I once had a small room with dark drapes, an overstuffed chair, and bookshelves filled with classics. I spent most of my time in that room typing on a keyboard that had most of the caps missing from its keys. I wrote everyday, often until the wee hours of the morning. I filled my screen with words that spoke to a world of writers. The rest of my time was spent taking walks. I squeezed in a few hours of work five days a week, but I was always thinking about that blank screen that waited for me on that old computer in that dark room.

Then suddenly it all came to an end. I deleted everything.

I deleted myself in one keystroke. In an instant, I lost connections I cherished. I needed to reconnect to the world around me. I needed to wake up from the dream, so I closed my eyes and … click.

It’s taken me years to regain the ability to write.

I don’t have that dark, little room anymore, nor the chair. Not even the bookshelf survived. The computer sure didn’t.

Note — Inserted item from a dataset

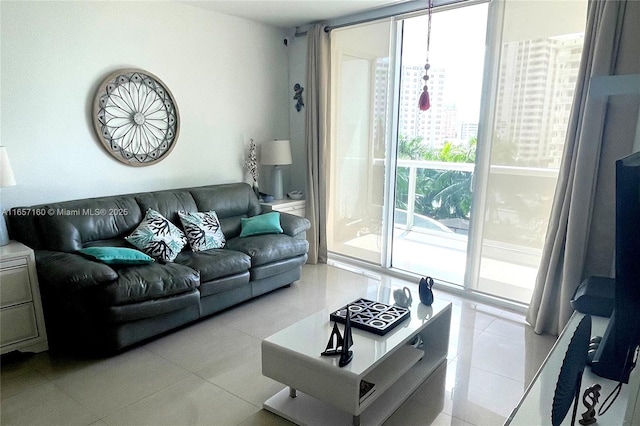 living room with a view of city and light tile patterned floors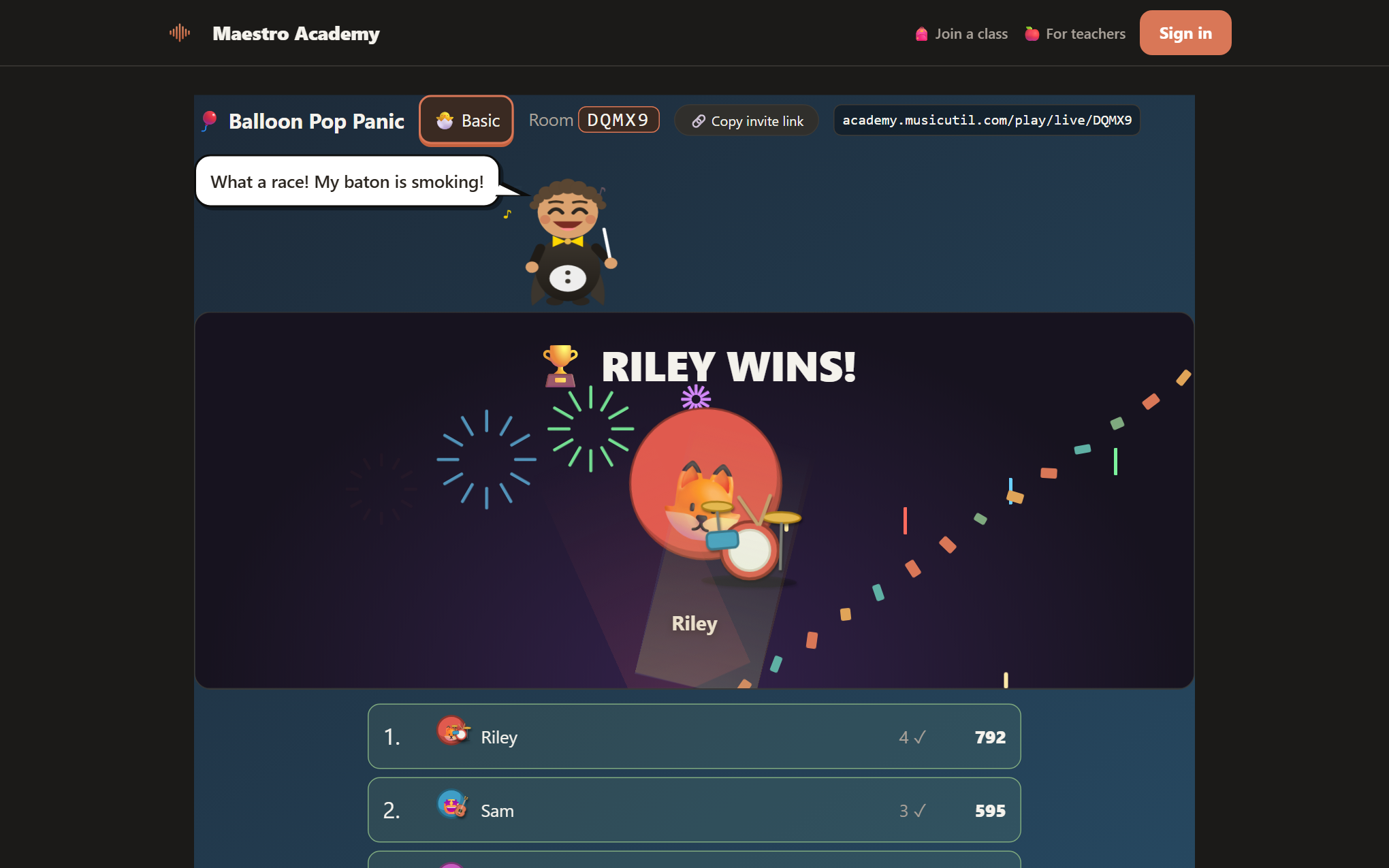 Jam finale with fireworks and the winning avatar playing drums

But here I am now, typing on a new keyboard in a big, well-lit room, filled with anxiety for no reason other than the fear that the real writer in me is dead. New books are mixed with the old ones, all of which fill new bookshelves. Some books are still unread because the word junkie in me can’t help but purchase books I don’t have make time to read. How many books have I downloaded to my Kindle in the last two weeks? Four maybe. I’ve started reading all of them, and I’ll probably never finish them.

One day I’ll regret not having chased down an expertise. I’d settle for just one at this point, but I yearn for mastery in everything. A master of nothing is what I am, and only a shadow of a dream remains for one thing that I was once good at.

This keyboard has no memory of how my fingers once danced. I have nothing to show for that time in my life but worn pages in a few old books. The new books have witnessed nothing, not even a gleam in my eye.

I feel ill.

the struggle

It’s in the dark where words are found. They run from the light where any old fool can pick through them. They like to be discovered and manipulated. They like to manipulate. The relationship between the writer and the words is symbiotic: a mutual benefit between the user and the used. Which is the used is up for debate. The struggle is real.

And yet, writers continually allow themselves to be tortured by the need to seek and find the most elusive words. I often think of them, those words, as imps. But when coerced, when manipulated by the craftiest hands, they are beautiful. I fear the challenge and yearn for it all the same. More often than not, the words best me. Occasionally I win. But the harder the struggle and rarer the victory, the sweeter the joy. Like a drug, the accomplishment of good writing sends shockwaves through my veins. Such a silly thing, really, pining for fleeting moments of joy found in arranging funny symbols into anything remotely provocative to the senses.

What is it like to master the art? I suppose it’s best I never find out. My life would cease to exist in the real world if I do, and I’m told that I’m needed there.